Faith is good, but faith in what?

While living in a smaller city, I participated in a house-to-house survey. We were asking people if they should die that day and stood before God and He asked them, “Why should I let you into my heaven?” what would they say?

Most people claimed that they lived good lives and thought that would be sufficient. While this falls short of the biblical answer, I was not surprised to hear it. Because sin is essentially turning from God and doing our own thing, trying to earn heaven by our goodness is a predictable response.

However, one person said something that I’d not heard before. She said she would go to heaven “because of my faith.” We asked further. She explained that she believed she would be there, and her belief was her grounds for eternal life. She did not mention Jesus Christ or His death on the cross. When asked what would happen if she stopped believing, she said she would not be able to go to heaven. In other words, her faith was the virtue that she depended on for eternal life. She wasn’t interested in what Jesus had done for her.

“My faith will save me” sounded good and took me a few days to sort out what she had told us.
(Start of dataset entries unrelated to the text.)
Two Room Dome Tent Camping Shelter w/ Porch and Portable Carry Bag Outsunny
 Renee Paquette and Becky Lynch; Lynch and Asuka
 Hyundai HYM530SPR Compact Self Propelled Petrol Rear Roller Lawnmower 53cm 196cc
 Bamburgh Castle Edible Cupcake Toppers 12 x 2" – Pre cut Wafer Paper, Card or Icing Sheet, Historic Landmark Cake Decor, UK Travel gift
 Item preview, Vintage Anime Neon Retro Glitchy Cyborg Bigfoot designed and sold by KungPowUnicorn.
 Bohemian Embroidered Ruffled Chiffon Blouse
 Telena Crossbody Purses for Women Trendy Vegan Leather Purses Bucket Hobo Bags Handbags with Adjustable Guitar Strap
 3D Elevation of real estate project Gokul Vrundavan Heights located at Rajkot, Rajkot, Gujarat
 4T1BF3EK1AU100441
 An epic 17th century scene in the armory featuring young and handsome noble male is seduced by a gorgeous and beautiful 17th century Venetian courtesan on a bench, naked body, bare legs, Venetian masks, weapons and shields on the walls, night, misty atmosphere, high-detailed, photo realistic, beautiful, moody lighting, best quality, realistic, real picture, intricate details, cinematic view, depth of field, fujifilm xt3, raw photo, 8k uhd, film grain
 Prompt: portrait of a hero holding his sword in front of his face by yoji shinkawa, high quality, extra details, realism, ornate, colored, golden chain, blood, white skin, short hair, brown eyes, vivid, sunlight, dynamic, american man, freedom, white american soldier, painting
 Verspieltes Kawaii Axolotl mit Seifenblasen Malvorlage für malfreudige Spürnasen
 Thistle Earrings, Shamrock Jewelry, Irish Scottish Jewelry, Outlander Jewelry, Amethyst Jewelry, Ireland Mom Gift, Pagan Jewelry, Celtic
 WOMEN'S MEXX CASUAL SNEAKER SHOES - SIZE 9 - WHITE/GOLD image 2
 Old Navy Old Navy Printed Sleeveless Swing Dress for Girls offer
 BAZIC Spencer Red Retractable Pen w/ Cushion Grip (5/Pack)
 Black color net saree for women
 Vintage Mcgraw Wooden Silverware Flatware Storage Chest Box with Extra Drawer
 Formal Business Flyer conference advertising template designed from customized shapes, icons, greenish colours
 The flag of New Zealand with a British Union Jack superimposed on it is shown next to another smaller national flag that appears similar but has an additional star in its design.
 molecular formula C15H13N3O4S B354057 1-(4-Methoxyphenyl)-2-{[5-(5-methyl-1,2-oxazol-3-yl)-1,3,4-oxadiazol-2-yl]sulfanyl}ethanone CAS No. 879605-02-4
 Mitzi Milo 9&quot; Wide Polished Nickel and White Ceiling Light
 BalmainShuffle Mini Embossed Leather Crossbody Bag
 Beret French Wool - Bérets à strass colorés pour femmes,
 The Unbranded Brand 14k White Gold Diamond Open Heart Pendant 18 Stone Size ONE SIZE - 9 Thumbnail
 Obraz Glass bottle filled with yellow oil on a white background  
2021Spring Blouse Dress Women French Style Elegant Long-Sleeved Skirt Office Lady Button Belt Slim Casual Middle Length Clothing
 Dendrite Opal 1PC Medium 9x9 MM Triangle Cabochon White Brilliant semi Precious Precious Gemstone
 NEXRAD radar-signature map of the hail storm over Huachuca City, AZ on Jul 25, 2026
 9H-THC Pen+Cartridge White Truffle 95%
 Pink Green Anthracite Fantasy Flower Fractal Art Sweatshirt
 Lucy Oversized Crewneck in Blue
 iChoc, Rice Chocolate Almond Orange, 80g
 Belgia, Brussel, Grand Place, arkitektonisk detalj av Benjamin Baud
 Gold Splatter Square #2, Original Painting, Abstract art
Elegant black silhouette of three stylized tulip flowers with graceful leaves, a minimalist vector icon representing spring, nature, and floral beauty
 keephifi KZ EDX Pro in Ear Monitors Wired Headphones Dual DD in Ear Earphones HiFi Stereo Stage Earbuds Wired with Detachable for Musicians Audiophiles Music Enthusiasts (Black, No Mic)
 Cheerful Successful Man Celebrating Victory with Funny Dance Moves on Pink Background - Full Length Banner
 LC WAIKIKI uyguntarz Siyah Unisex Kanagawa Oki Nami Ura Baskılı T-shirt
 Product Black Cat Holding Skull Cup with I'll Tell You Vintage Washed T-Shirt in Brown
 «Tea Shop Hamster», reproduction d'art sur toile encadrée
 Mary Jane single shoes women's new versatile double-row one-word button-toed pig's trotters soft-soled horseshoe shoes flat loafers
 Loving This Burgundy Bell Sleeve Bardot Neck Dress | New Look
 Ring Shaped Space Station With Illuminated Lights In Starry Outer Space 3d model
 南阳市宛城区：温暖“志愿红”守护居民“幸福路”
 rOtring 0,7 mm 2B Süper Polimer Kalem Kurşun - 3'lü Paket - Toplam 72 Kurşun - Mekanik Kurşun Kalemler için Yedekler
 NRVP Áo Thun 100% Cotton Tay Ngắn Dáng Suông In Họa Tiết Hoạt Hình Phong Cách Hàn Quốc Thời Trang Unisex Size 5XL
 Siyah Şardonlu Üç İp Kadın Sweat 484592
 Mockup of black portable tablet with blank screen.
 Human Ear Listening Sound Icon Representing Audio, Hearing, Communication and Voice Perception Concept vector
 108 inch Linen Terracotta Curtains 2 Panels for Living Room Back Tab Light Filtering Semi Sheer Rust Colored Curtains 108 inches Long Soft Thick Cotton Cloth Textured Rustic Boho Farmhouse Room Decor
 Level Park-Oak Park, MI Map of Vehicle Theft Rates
The Bible says faith by itself isn’t enough; we must also demonstrate our faith by what we do. Yet that wasn’t the explanation that made sense of her claim. Finally, after study and prayer, I began to realize that faith by itself cannot exist. Faith must have an object, something that is believed in and relied upon. In this woman’s case, her faith was in her faith.

I thought of her this morning when I read this verse: “Let us hold fast the confession of our hope without wavering, for He who promised is faithful” (Hebrews 10:23).

God wants people to believe, but the sentence cannot end there. The blank to fill in is “to believe in _________” What does He want me to pin my hopes on? Obviously, in this verse hope is in a promise that God has made and in the fact that He is faithful to keep His promises.

Faith always has an object, a something that is grounds for its existence. Is it faith in a religious organization? In spiritual leaders? In a denomination or a creed? A more important question is asking if those things give anyone an entrance to eternal life.

Another object of faith could be the Scripture. Are we saved by faith in the Bible? I read another passage this morning where Jesus said, “You search the Scriptures, for in them you think you have eternal life; and these are they which testify of Me. But you are not willing to come to Me that you may have life” (John 5:39-40).

It struck me that even though we find out about Jesus through reading Scripture and we know about eternal life and need the Word of life to inform and sustain faith, it is Jesus that gives life and our faith must be in Him, not just in the Bible, or His teachings, or the creeds, or even in His promises.

Apart from Jesus, all these things are just words and dogma. He is the grounds for and the object of Christian faith. Without Him, there would be no heaven, no eternal life, nothing for me to hope or believe in, no matter how much faith I could muster.